# Does Shooting in Color then Converting to Black and White...



## Rekd (Jul 18, 2011)

...give different results than shooting in black and white?


----------



## ann (Jul 18, 2011)

IMHO, yes, you have more control and more options. Then of course you always have the color one just in case you change your mind.


----------



## KmH (Jul 18, 2011)

Yes, you have much more control over the density and contrast in the final image by converting a color image to B&W with something like a Photoshop B&W adjustment layer, which has 6 color sliders you can manipluate.

Some edit by just using the Channel mixer, and there are a variety of other plug-ins and techniques.


----------



## Robin Usagani (Jul 18, 2011)

if you shot it in RAW, doesnt matter.  Only the preview on your LCD shows black and white.


----------



## Derrel (Jul 18, 2011)

Schwettylens said:


> if you shot it in RAW, doesnt matter.  Only the preview on your LCD shows black and white.



PLUS the JPEG images shot in RAW + JPEG Mode come out as B&W images. If you tweak the in-camera settings to produce a good B&W image for the lighting consitions and the exposure at the scene, you will get some beautiful B&W image straight out of the camera. Canon has a beautiful in-camera FIlter Effects option, called Sepia,and it looks gorgeous, right out of the camera when used with the Yellow Filter Option enabled.

There is more to shooting GOOD B&W images than just shooting in full color, and reviewing in full color, and then automatically batch-converting full-color images to B&W in post; if you want to make GOOD BLACK AND WHITE images, you really,really ought to give lighting, exposing, and evaluating B&W LCD images in the field and studio an honest try. That is, if you have the requisite background to be able to evaluate line,shape, tone,and texture as design elements when seen in black and white.

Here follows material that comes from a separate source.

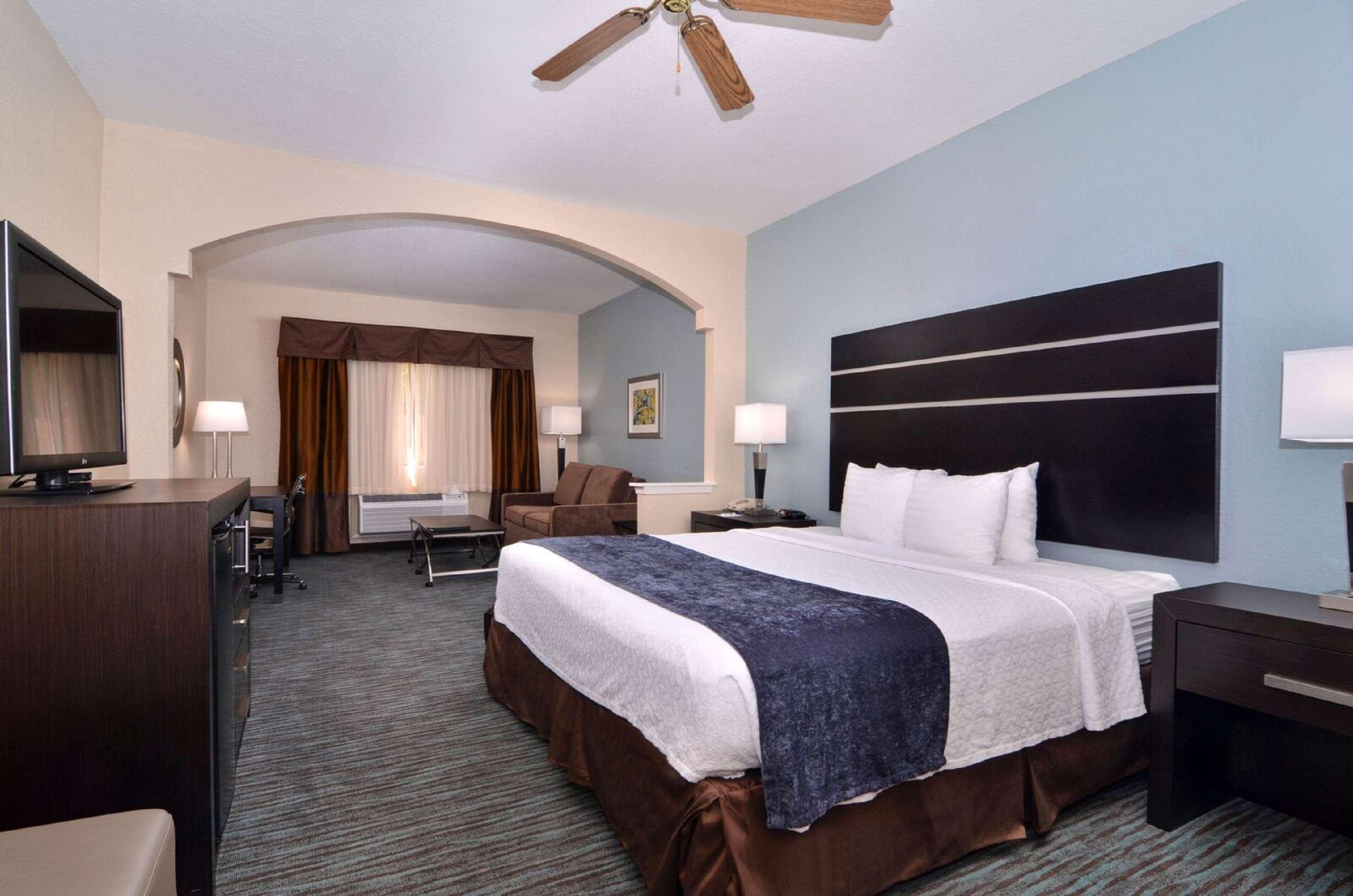 Best Western Plus Northwest And 3*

The absence of color means that really successful B&W images will be lighted "differently" than color images.


----------



## Rekd (Jul 19, 2011)

Derrel said:


> Schwettylens said:
> 
> 
> > if you shot it in RAW, doesnt matter.  Only the preview on your LCD shows black and white.
> ...




Thanks for the insights, sounds like lighting can be even more important in BW than in color...?


----------



## tirediron (Jul 19, 2011)

Lighting is crucial to good black and white photography.  Remember that a digital camera's sensor is an RGB device; all digital monochromes are simply software conversions.  If you want the best black and white, then shoot film!  *NO* digital conversion will ever beat Ilford Pan F processed in Ilfosol 3!


----------



## usayit (Jul 19, 2011)

In the old days, B&W photographers would use various filters (usually various red, green, yellow) to give a different look or to bring attention to a particular texture.   They spent even more time carefully considering how light impacts the image.   

Its no different today.... 


Also, how the software conversion is performed in post is also important for digital.   If you have lightroom, there are free presets (see link below) that contain B&W presets that should give you an idea.... (but not a complete picture)

Perfect Presets for Lightroom - onOne Software


----------



## Rekd (Jul 19, 2011)

The wife's got an old EOS750 and EOS500, mayhaps I'll grab a couple of new batteries and see if they still work... Thanks for the insights!


----------



## Josh66 (Jul 20, 2011)

Yes, I would agree that lighting is more important in B&W than it is in color...

Without the colors there, all you really have to rely on for contrast and/or subject separation is light.


I shoot a lot of B&W (film), but I wouldn't call myself an expert.  I have shot enough though to know that good lighting is more important when working with B&W...  With color, you have the colors helping to add contrast...  With B&W, all you have is the light.


----------